Autrefois, la ville de Londres était sillonnée par tout un réseau de rivières, utilisées pour le transport des marchandises, l’eau de boisson et de cuisine, et comme force motrice des moulins. Cependant elles servaient aussi de tout à l’égout…L’évolution urbaine a donc peu à peu recouvert ces affluents de la Tamise, par des rues, des bâtiments, des places… mais l’eau qui continue de couler en souterrain pourrait bien révolutionner les systèmes de chauffage de la capitale britannique.
L’association 10:10 Climate Action, engagée dans la lutte contre le réchauffement climatique, a étudié la question très sérieusement. Londres s’est en effet fixé un objectif Neutralité Carbone d’ici 2050. L’idée d’utiliser la géothermie des rivières souterraines de la ville a donc naturellement fait surface. C’est en plus un système très peu coûteux à l’usage, et surtout faible en consommation de carbone.
Une association porteuse de projets bas carbone
L’association 10:10 s’est tournée vers Scene, consultant en développement des énergies renouvelables, pour rédiger un rapport sur cette incroyable opportunité. Ce rapport est téléchargeable en pdf (en anglais) sur le site de l’association. Il ressort que les eaux souterraines de Londres pourrait être facilement exploitées pour chauffer et climatiser les bâtiments situés au-dessus. Cinq sites de la ville, engagés dans la rénovation énergétique, sont analysés à titre d’exemple.
Le projet a été présenté en juillet 2018 à la compagnie des eaux de la cité et au Grand Londres.
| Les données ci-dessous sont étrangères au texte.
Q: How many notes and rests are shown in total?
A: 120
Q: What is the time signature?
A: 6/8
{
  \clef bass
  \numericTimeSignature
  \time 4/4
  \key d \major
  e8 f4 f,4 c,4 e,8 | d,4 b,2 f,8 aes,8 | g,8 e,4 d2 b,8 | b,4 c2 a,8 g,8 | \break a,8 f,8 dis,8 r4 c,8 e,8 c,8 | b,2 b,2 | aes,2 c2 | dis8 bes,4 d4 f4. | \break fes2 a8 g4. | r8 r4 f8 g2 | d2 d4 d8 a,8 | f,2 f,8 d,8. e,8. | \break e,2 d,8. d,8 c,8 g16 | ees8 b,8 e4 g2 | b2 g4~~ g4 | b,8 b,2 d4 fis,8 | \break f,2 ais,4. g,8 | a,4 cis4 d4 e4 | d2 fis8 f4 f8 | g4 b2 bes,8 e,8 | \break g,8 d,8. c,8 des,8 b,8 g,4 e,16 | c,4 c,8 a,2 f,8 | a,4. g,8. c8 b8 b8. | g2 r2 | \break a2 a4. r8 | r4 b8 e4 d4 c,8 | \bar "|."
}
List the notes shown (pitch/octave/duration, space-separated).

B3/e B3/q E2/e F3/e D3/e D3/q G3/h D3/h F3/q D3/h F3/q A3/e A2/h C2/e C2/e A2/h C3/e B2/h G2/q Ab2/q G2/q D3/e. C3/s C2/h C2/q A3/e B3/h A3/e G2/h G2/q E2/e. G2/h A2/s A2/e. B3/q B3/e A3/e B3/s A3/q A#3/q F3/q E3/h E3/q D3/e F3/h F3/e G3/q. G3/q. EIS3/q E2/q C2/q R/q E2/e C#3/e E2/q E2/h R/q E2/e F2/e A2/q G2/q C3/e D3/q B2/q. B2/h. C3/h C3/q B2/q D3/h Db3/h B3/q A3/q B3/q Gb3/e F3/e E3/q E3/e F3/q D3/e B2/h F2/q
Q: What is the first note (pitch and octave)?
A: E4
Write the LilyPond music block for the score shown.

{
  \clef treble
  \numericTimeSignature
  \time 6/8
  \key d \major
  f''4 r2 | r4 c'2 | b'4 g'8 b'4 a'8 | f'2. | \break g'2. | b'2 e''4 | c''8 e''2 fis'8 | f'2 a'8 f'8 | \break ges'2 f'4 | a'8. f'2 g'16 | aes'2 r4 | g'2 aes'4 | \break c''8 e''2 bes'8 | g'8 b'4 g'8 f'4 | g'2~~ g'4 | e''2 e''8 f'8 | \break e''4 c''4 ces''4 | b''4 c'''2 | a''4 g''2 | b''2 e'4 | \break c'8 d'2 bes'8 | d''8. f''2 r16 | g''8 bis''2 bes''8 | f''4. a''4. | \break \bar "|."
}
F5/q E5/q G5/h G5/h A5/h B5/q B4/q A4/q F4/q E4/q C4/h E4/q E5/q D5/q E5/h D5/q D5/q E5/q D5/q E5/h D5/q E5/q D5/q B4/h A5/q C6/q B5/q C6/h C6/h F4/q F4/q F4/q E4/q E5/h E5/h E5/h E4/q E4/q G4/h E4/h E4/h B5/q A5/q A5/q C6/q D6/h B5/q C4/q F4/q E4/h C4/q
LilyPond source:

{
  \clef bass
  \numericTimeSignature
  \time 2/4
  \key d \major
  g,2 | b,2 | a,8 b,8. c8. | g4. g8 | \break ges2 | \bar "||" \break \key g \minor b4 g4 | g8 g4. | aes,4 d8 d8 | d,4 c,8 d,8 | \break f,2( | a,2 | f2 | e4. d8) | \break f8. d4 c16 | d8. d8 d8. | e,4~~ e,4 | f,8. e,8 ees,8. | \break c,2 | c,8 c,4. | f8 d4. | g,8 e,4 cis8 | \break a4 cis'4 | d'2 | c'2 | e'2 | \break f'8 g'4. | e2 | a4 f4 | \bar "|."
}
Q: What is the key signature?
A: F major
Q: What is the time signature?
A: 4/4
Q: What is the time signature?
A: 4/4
L’association mettant en avant que « Les rivières perdues londoniennes ont un énorme potentiel pour fournir du chauffage propre, efficace et fiable pour la ville – contribuant à la lutte contre le changement climatique et la pollution de l’air ».
Des sites emblématiques pour montrer l’exemple
Le Palais de Buckingham a déjà mis en œuvre des opérations pour réduire ses émissions de carbone de 40%. Mais le directeur stratégique de 10:10, Leo Murray, a l’intention d’envoyer une lettre ouverte à la Reine pour que la famille royale examine l’opportunité d’exploiter la rivière Tyburn pour fournir une partie du chauffage du palais.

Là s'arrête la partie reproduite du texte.